The most interesting substantive disagreement I found in the discussion was that I was comparably much more excited about using interpretability to audit a trained model, and skeptical of interpretability tools being something that could be directly used in a training process without the resulting optimisation pressure breaking the tool, while other people had the reverse view.
Fwiw, I do have the reverse view, but my reason is more that “auditing a trained model” does not have a great story for wins. Like, either you find that the model is fine (in which case it would have been fine if you skipped the auditing) or you find that the model will kill you (in which case you don’t deploy your AI system, and someone else destroys the world instead).
There’s a path to impact where you (a) see that your model is going to kill you and (b) convince everyone else of this, thereby buying you time (or even solving the problem altogether if we then have global coordination to not build AGI since clearly it would destroy us).
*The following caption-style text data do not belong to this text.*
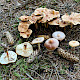 Rhodocollybia prolixa var. distorta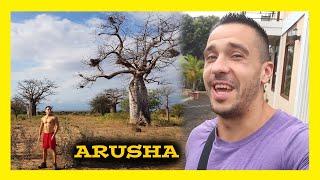 A Day in the Life. Arusha TANZANIA. Baobabs, Hot Springs and Omelets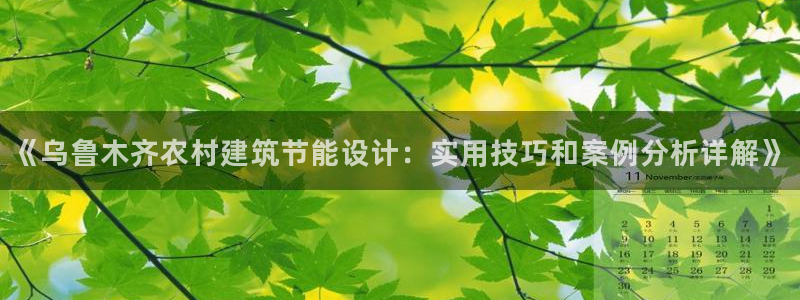 e尊平台：《乌鲁木齐农村建筑节能设计：实用技巧和案例分析详解》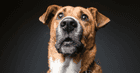 Dog Looking at owner 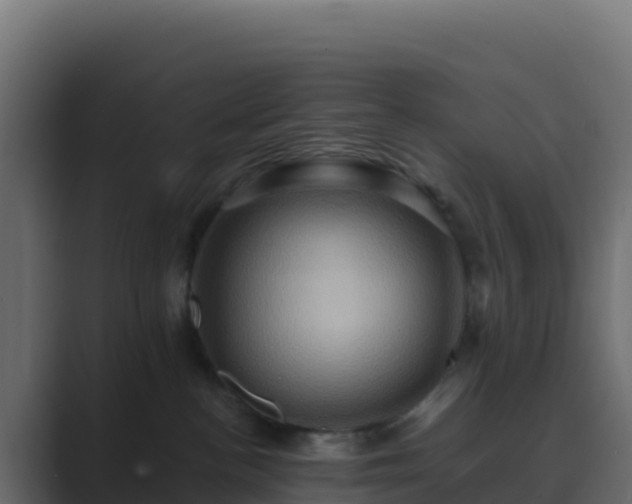 X0000089730188200706281556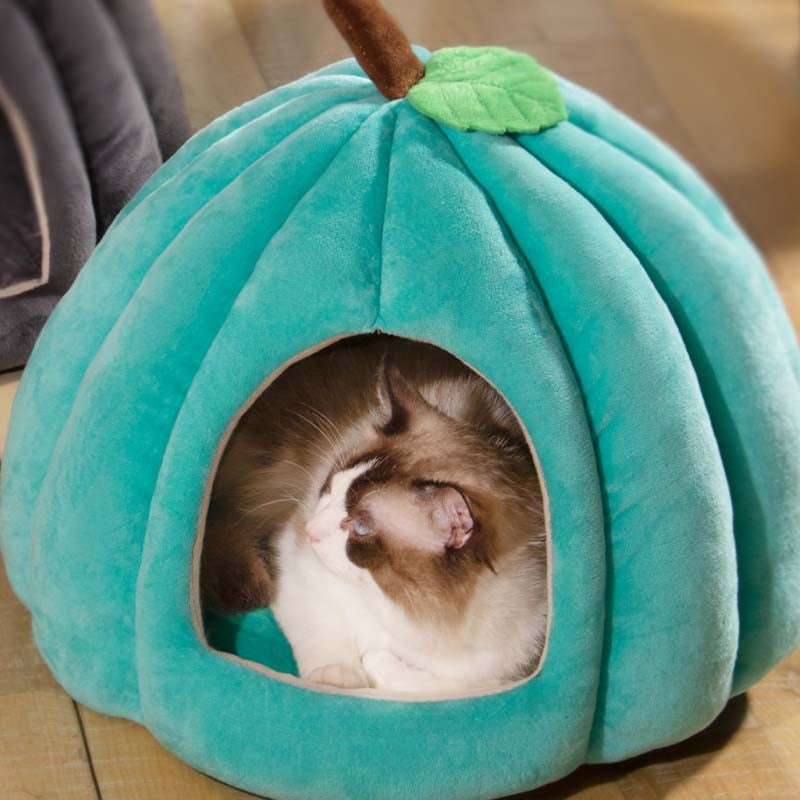 Cat peeking out from a teal pumpkin-shaped pet bed on a wooden floor.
I feel skeptical about global coordination (especially as it becomes cheaper and cheaper to build AGI over time) but agree that it could buy you time which then allows alignment to “catch up” and solve the problem. However, this pathway seems pretty conjunctive (it makes a difference in worlds where (a) people were uncertain about AGI risk, (b) your interpretability tools successfully revealed evidence that convinced most of them, and (c) the resulting increase in time made the difference).
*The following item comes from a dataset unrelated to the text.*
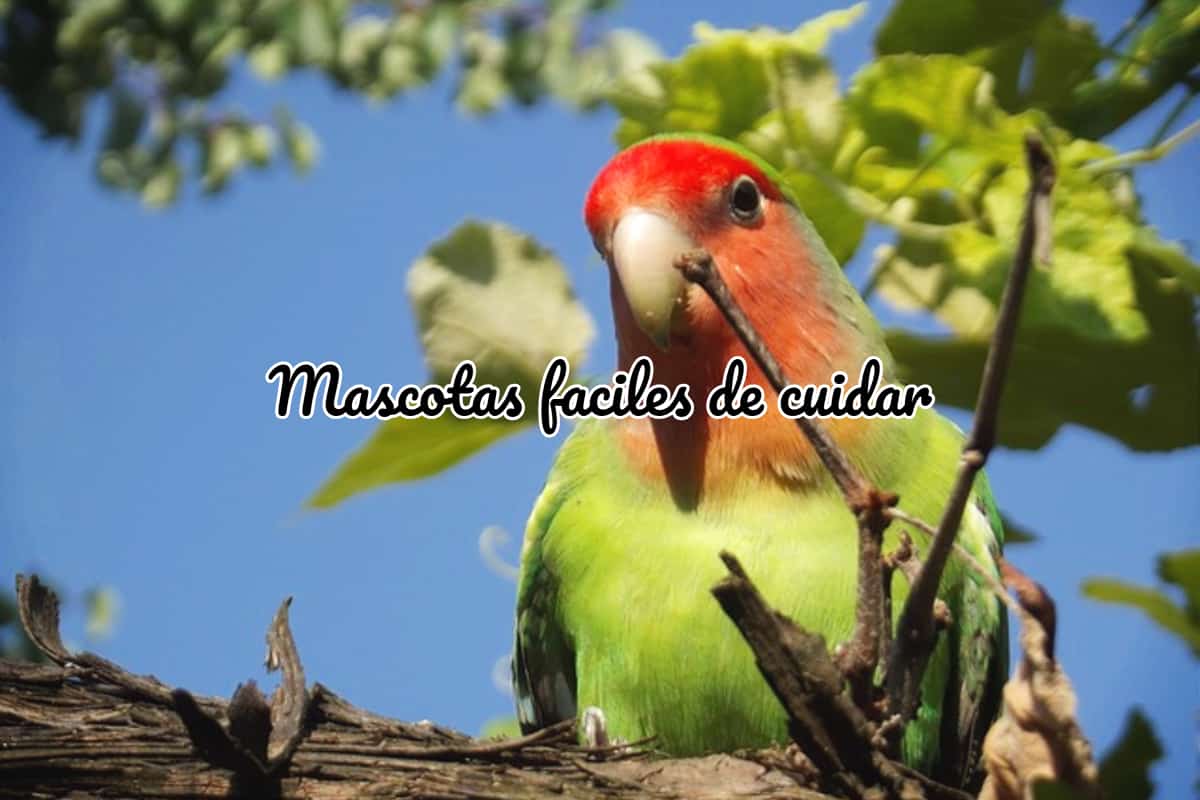 mascotas faciles de cuidar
In contrast, using interpretability tools is impactful if (a) not using the interpretability tools leads to deception (also required in the previous story), and (b) using the interpretability tools gets rid of that deception.
(Obviously “level of conjunctiveness” isn’t the only thing that matters—you also need probabilities for each of the conjuncts—but this feels like the highest-level bit of why I’m more excited about putting tools in the training loop.)
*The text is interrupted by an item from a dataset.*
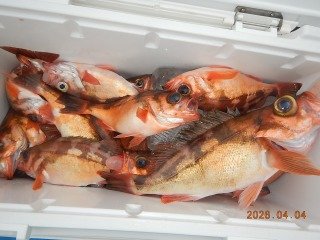 オキメバル(ウスメバル)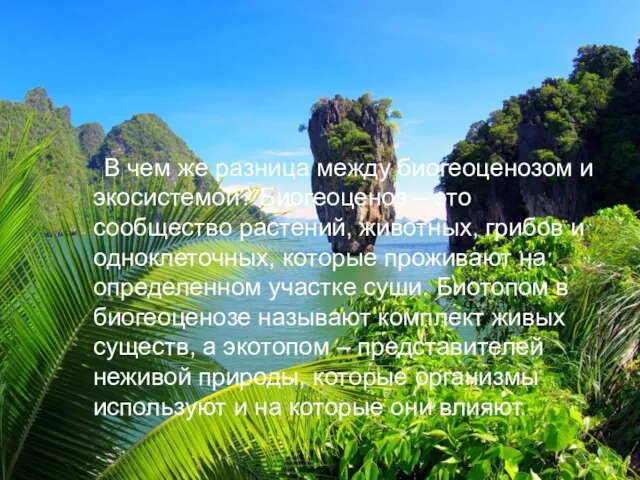 В чем же разница между биогеоценозом и экосистемой? Биогеоценоз – это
(It’s also not an either-or, e.g. you could use ELK inside of your training loop, and then do Circuits-style mechanistic interpretability as an audit at the end. But if I were forced to go all-in on one of the two options, it would be the training loop one.)
EDIT (March 26, 2023): Coming back to this comment a year later, I think it undersells the “auditing” theory of impact; there are also effects like “if people know you are auditing your models deeply they are less worried that you’ll deploy something risky and so are less likely to race to beat you”. I don’t have a strong opinion on how those effects play out but they do seem important.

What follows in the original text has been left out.